Earlier this evening, while I'd been attempting to nap, Gretchen had gone on a walk into the less touristy parts of Puerto Ayora. There she'd stopped at a streetside food stand and bought a freshly-roasted plantain containing a tiny amount of cheese. An incredulous onlooker had asked her "Le gusta?" Evidently he'd never in his life seen a white woman deliberately eat a roasted plantain.
So after our dismal dinner Gretchen and I took another walk through that same neighborhood. Cats and dogs lay sprawled on kirchen floors whose doors to the outside were wide open. Children played the way children always do.

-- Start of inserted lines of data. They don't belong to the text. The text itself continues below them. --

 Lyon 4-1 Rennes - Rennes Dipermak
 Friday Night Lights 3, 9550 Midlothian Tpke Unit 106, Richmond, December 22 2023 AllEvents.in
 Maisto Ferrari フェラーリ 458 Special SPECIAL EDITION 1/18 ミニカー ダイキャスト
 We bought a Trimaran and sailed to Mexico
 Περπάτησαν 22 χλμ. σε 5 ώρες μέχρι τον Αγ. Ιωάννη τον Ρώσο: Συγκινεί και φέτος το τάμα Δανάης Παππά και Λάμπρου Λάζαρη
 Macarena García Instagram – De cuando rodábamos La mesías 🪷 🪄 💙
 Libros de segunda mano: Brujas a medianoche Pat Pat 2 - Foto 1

There are two unusual things about the urban landscape of Puerto Ayora. First of all: none of the buildings look finished. At the top of all of them are long whips of rebar, as if the orignal plans for the building had called for several more stories, but the money had run out and the builders had to slap a roof on what had been completed.
The other strange thing about Puerto Ayora is the nature of the yards. None of them contain grass or any sort of ground-covering vegetation. Instead, the soil (such as it is) is completely covered with fist-sized cobblestones, usually in a steep pile. Often there is plenty of construction debris mixed in with these cobbles. This debris usually consists of broken concrete blocks, though it can also be things like bails of rebar or PVC pipe. To the American sensibilty, the appearance of such yards comes as something of a shock, but Puerto Ayora is a semi-arid place in the third world, and there's no water for irrigation.

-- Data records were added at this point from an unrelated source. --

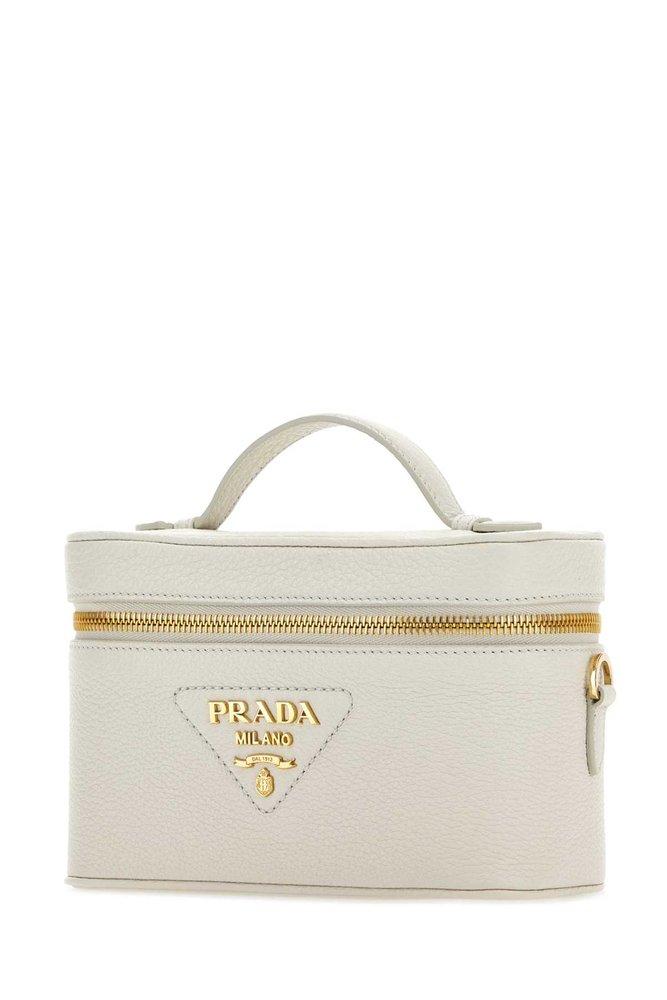 Prada Beauty Case. in White | Lyst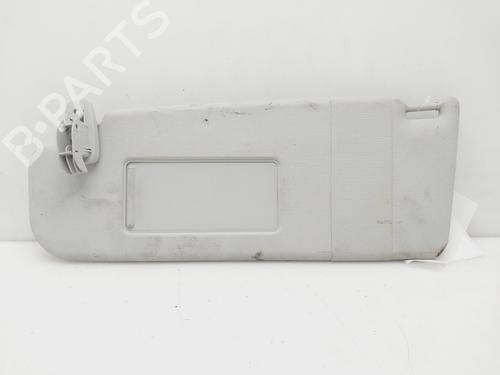 Used Left sun visor SEAT LEON (1P1) [2005-2013]  31916387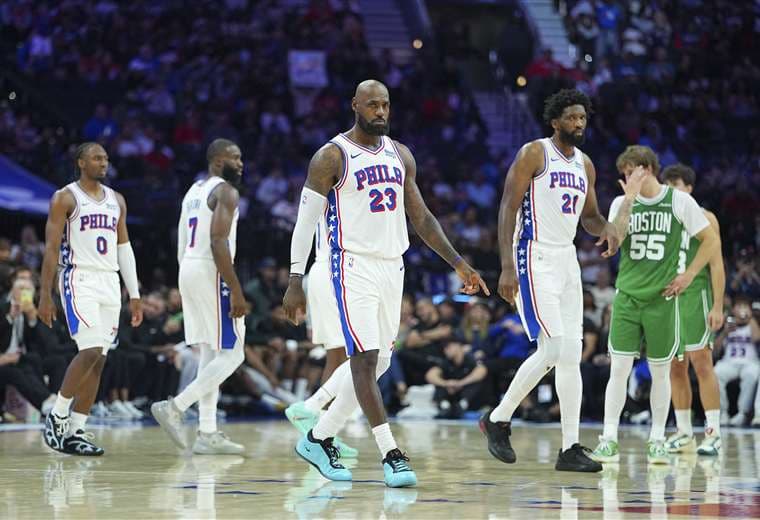 El eterno LeBron se embarca en una última misión con los Sixers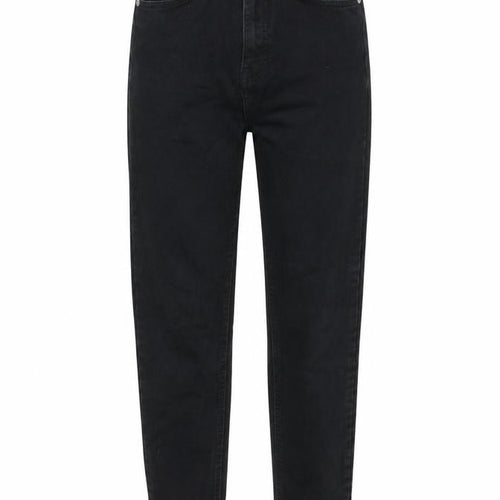 Nakd Womens Black Cotton Straight Jeans Size 8 L27 in Regular Zip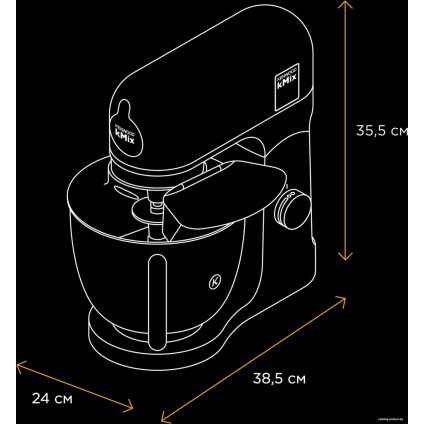 Кухонная машина Kenwood kMix KMX 750BK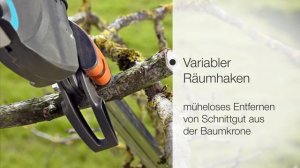GARDENA Baum- und Strauchschneider StarCut 160 plus 12000-20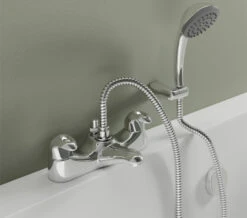 Bristan Java Chrome Bath Shower Mixer Tap - J Bsm C
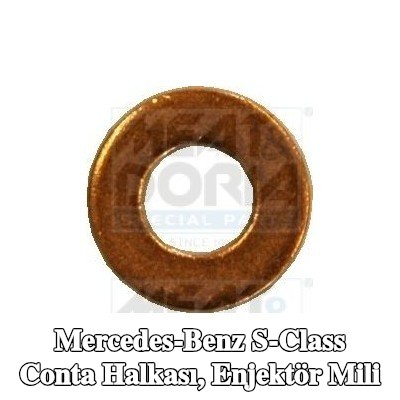 MEAT & DORIA Conta halkası, enjektör mili — Mercedes-Benz S-Class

Where exactly Puerto Ayora fits on the first-world/third-world continuum is a little tricky to ascertain. In the touristy parts of town, for example, nearly every block has an internet café. That's not just first world, that's high tech first world. But then there are the many little details that are decidedly third world, things as trivial as the unrelieved fragrance of electrical fire on the street in front of our hotel. And while store merchandis might cost more in Puerto Ayora because everything has to be shipped in, probably many of Puerto Ayora's residents have figured out how to live a nearly cash-free existence. Judging from "urban" land use patterns, taxes are low and development pressures are weak. And if a guy can get an occasional ham hock from his brother-in-law in exchange for storing a pile of PVC pipes in the front yard, sure, hell, he'll do it.
The Golondrina whiteboard this morning.
Prickly pear tree cactus on one of the Plaza Islands.
My bleeding toe on one of the Plaza Islands.
The Australians (with an American from another boat) being photographed by one of the Swedes and another American on one of the Plaza Islands.
A mummified land iguana on one of the Plaza Islands.
A warbler flycatcher on one of the Plaza Islands.
The streets of Puerto Ayora. You can see the rebar whips atop the buildings.
Me drinking a beer at a café in Puerto Ayora. There are only two major brands of beer in Ecuador: Club and Pilsener.
A giant tortoise at Darwin Station. It's difficult to see tortoises in the wild in the Galapagos because they have become so rare.
Many of the endangered varieties have been placed in breeding programs at Darwin Station, and some of these programs have been working well. Unfortunately, though, the concentrated diversity at Darwin Station it itself a vulnerability. Some years ago a group of irate fisherman, incensed about new fishing limits, took over Darwin Station and threatened to kill the tortoises.
A tortoise's head at Darwin Station.
A sign at Darwin Station.
An interesting wall in non-touristy Puerto Ayora.